(Your instructions):
The response should consist of the data below, copied exactly, with no pictures in it.

(Collected data):
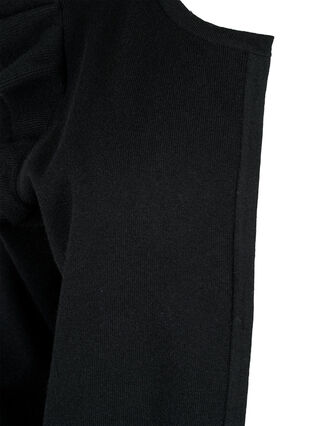 Stickad kofta med volanger och fickor, Black, Packshot image number 2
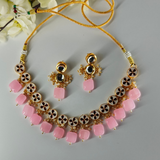 Pink Tumble Bead & Kundan Necklace Set"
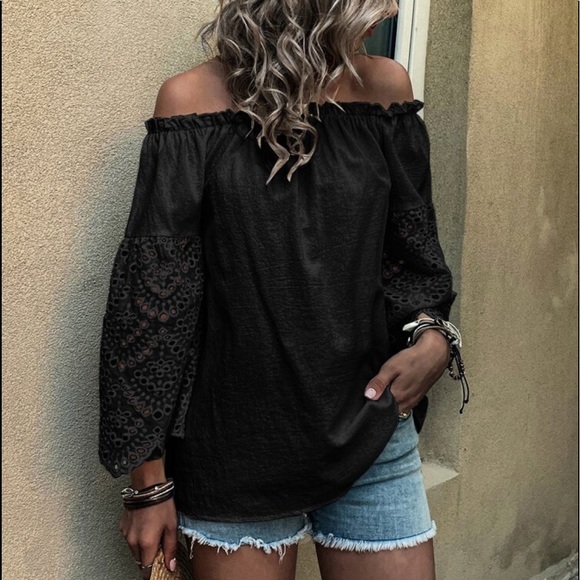 Boho Off Shoulder Eyelet Embroidery Frill Top Blouse White - Picture 10 of 15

(Response area):
 Stickad kofta med volanger och fickor, Black, Packshot image number 2
 Pink Tumble Bead & Kundan Necklace Set"
 Boho Off Shoulder Eyelet Embroidery Frill Top Blouse White - Picture 10 of 15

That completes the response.